Stored records:
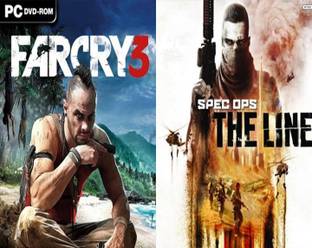 Farcry 3 and Spec Ops: The Line Top Two Action Game Combo (Offline Only) (Regular)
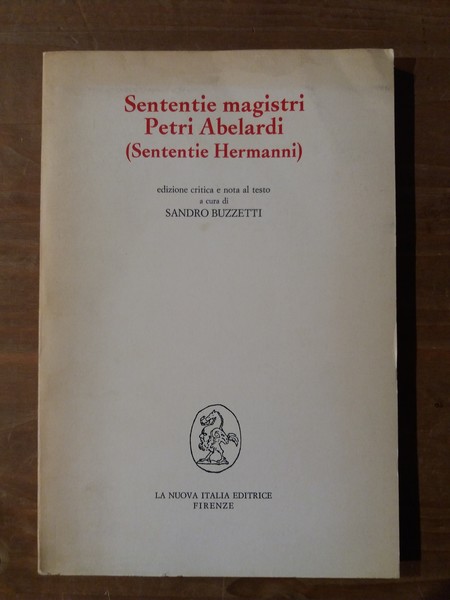 Sententie magistri Petri Abelardi (Sententie Hermanni)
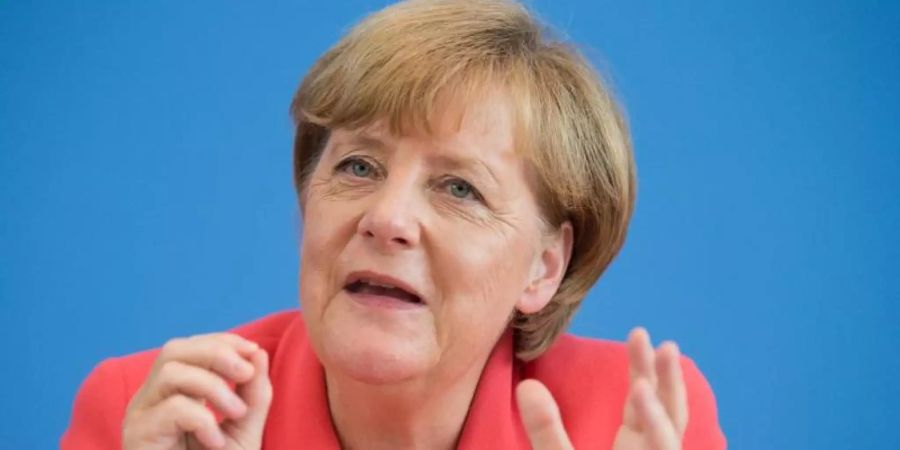 Als Angela Merkel am 31. August 2015 «Wir schaffen das» sagt, ist sie sich in keiner Weise bewusst, dass dies ihr bekanntester Satz werden wird. Foto: picture alliance / dpa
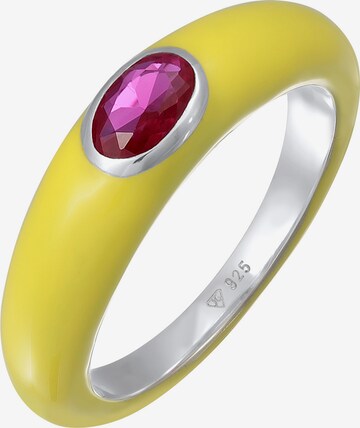 ELLI Ring in Yellow: front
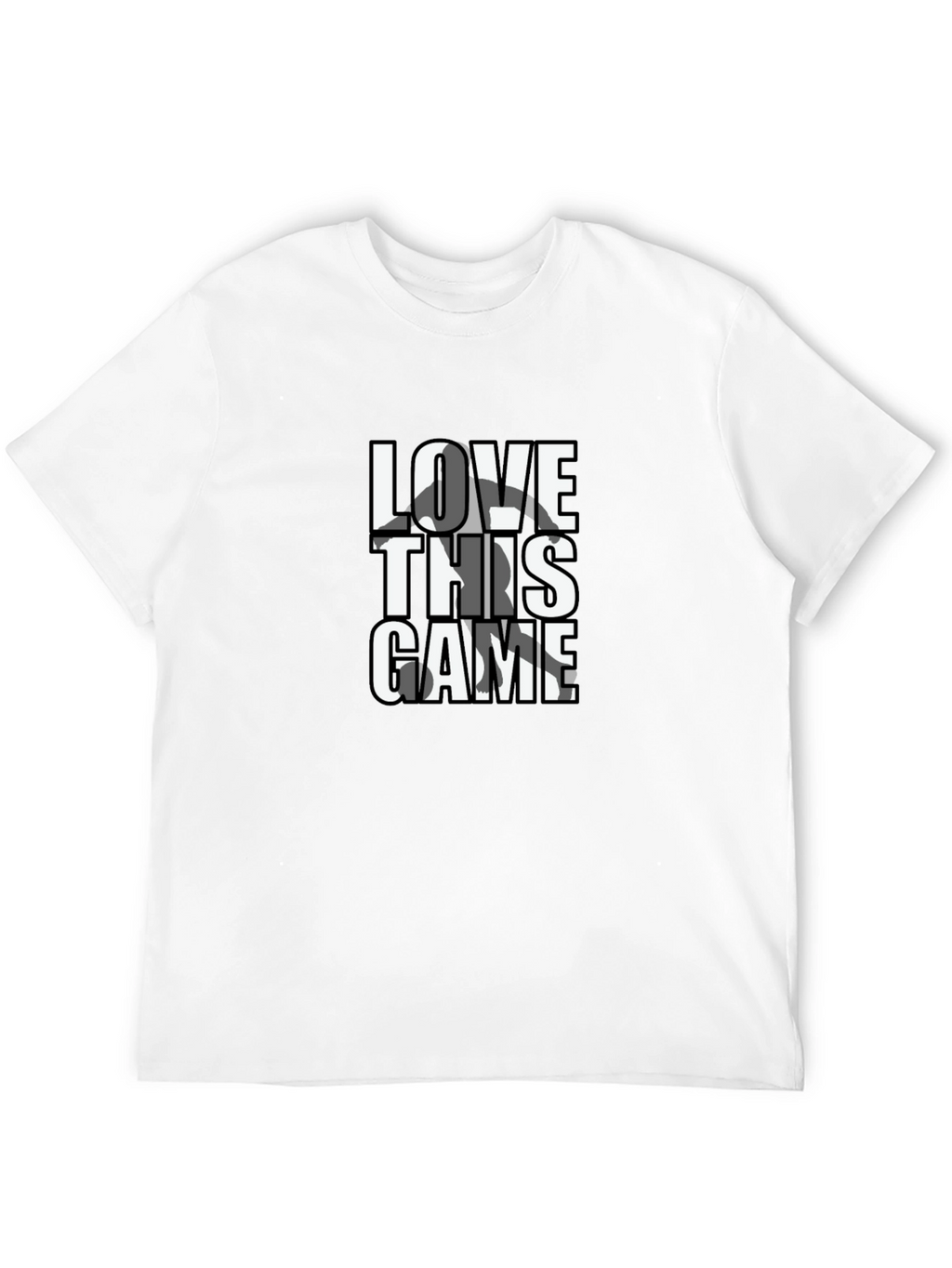 Love This Game Graphic Tee - Black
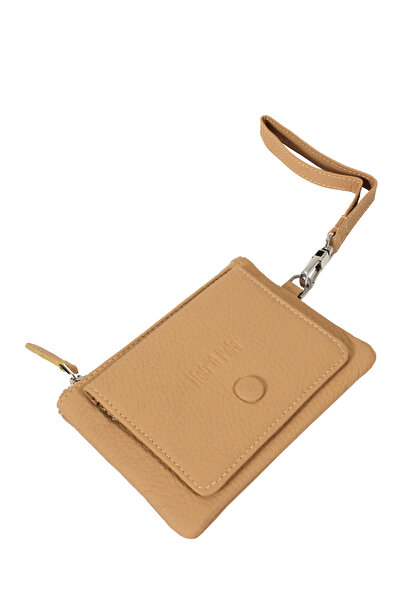 Metropolitan Mpcuz 103 Women's Unisex, Genuine Leather, Wallet Card Holder Beige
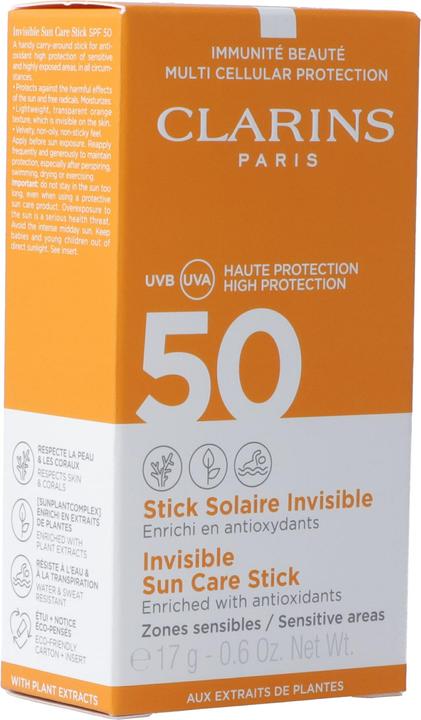 Produktbild Clarins Invisible Sun Care Stick (Sonnencreme Gesicht, Sonnenstick, SPF 50, 69 g)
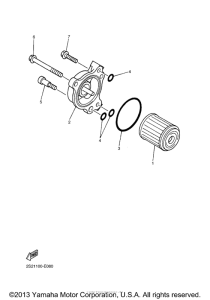WR450FB Масляный фильтр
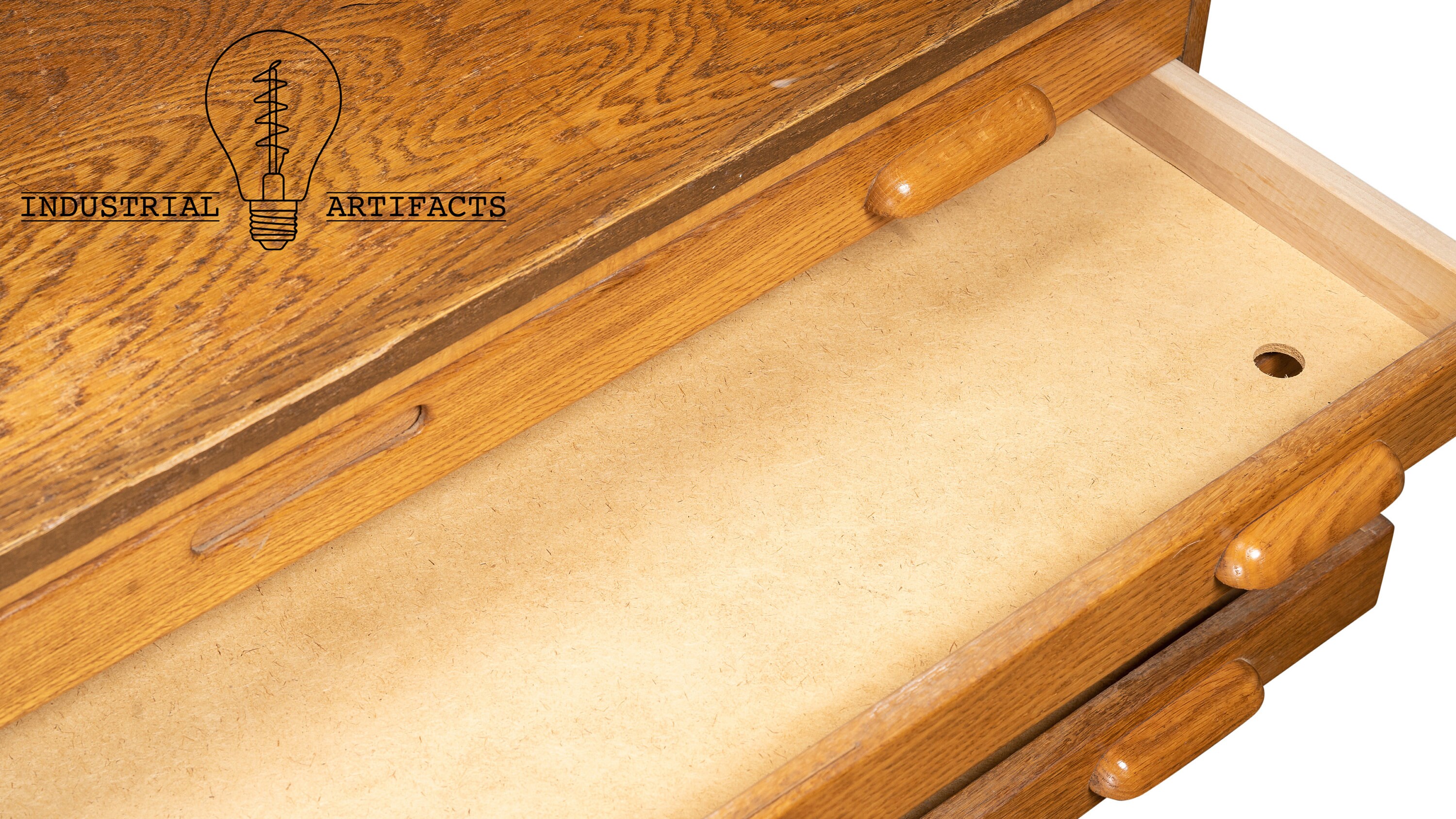 Antique Single Stack Wooden Flat File With Base Etsy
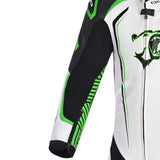 BELA North Star 1 PC Motorcycle Suit White Black Green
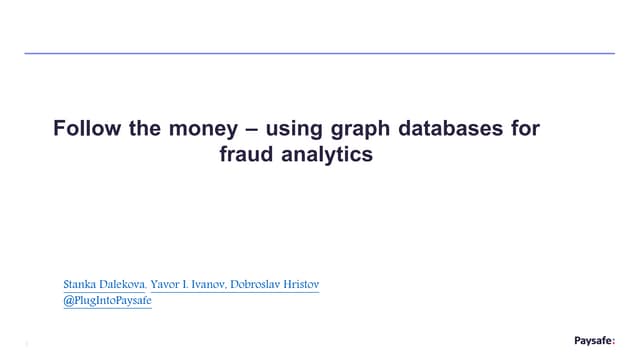Follow the money with graphs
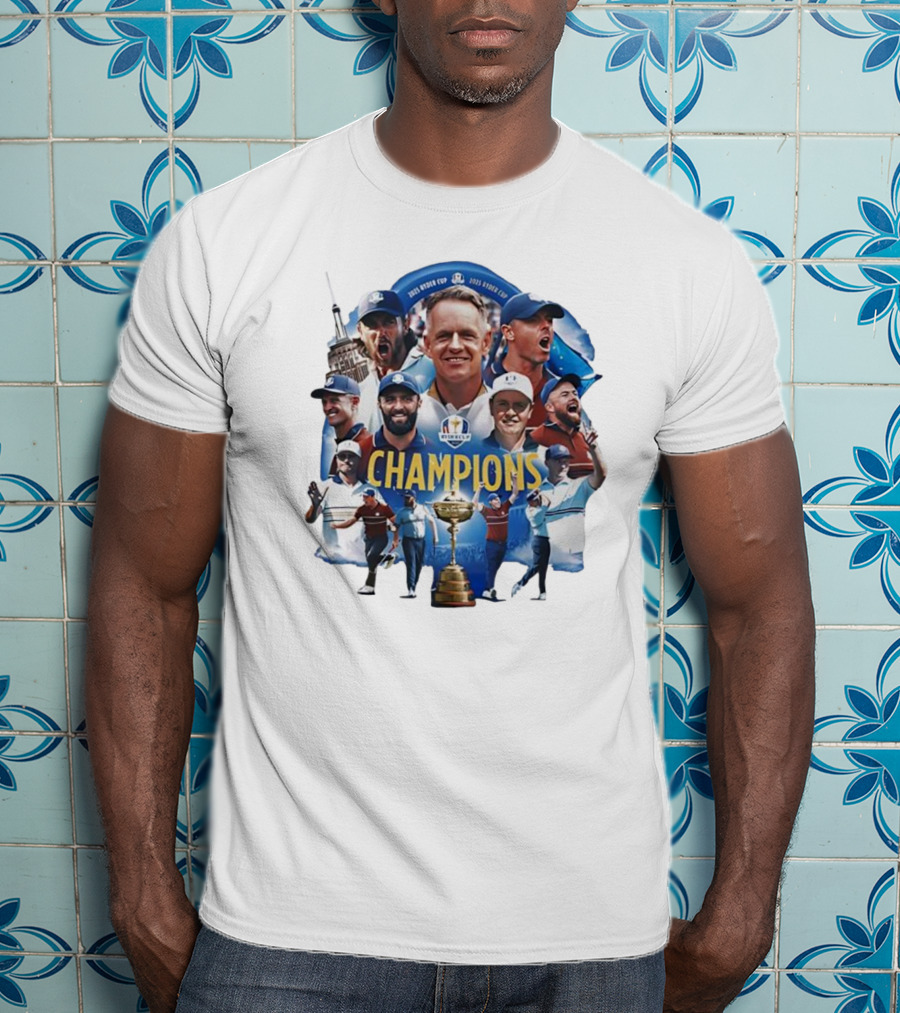 2025 Ryder Cup Team Europe Champions Celebration T-Shirt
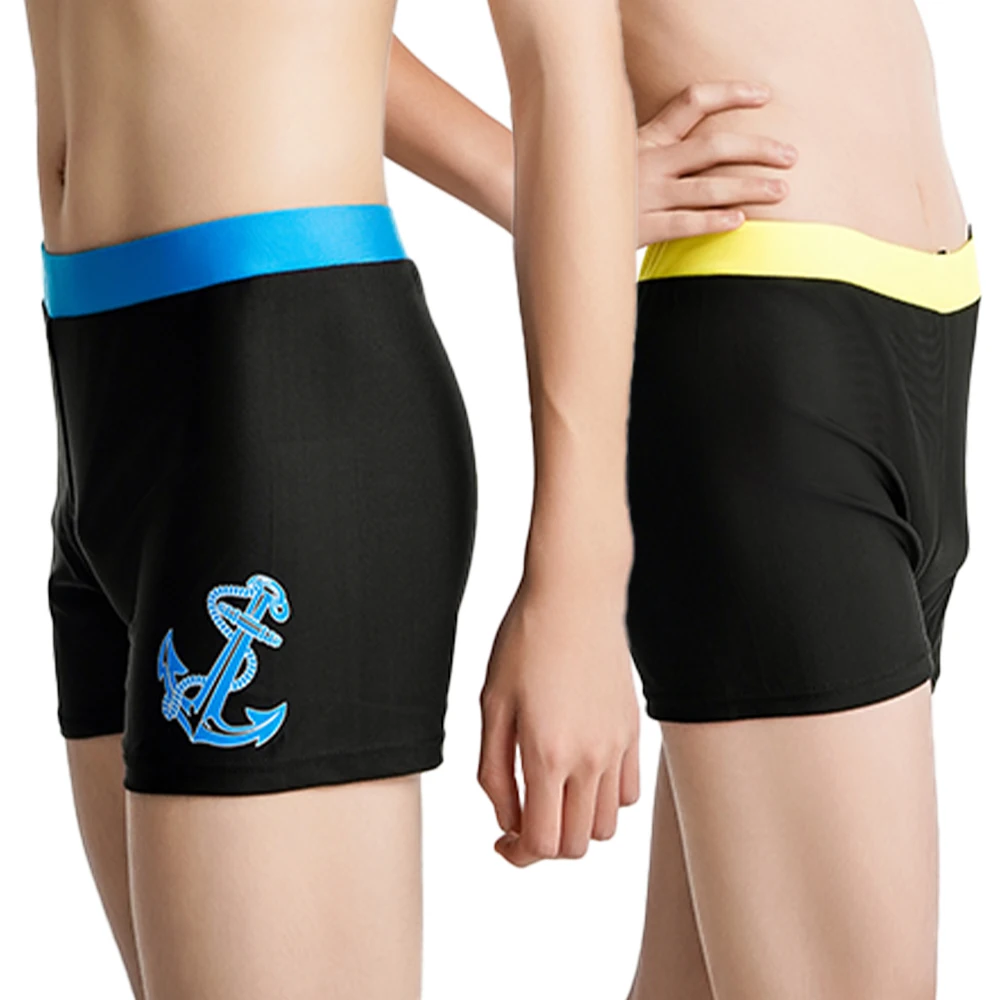 Boys Swim Trunks Kids Casual Beach Shorts Pants Dolphin Coconut Tree Print Vacation Swimwear Summer Child Bathing Suit 23-55kg 5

• _What you will do_
If a line falls between the one containing "Metropolitan Mpcuz 103" and the last line of the entries above, both included, reproduce it exactly; leave the pictures out.

• _Exercise solution_
 Metropolitan Mpcuz 103 Women's Unisex, Genuine Leather, Wallet Card Holder Beige
 Produktbild Clarins Invisible Sun Care Stick (Sonnencreme Gesicht, Sonnenstick, SPF 50, 69 g)
WR450FB Масляный фильтр
 Antique Single Stack Wooden Flat File With Base Etsy
 BELA North Star 1 PC Motorcycle Suit White Black Green
Follow the money with graphs
 2025 Ryder Cup Team Europe Champions Celebration T-Shirt
 Boys Swim Trunks Kids Casual Beach Shorts Pants Dolphin Coconut Tree Print Vacation Swimwear Summer Child Bathing Suit 23-55kg 5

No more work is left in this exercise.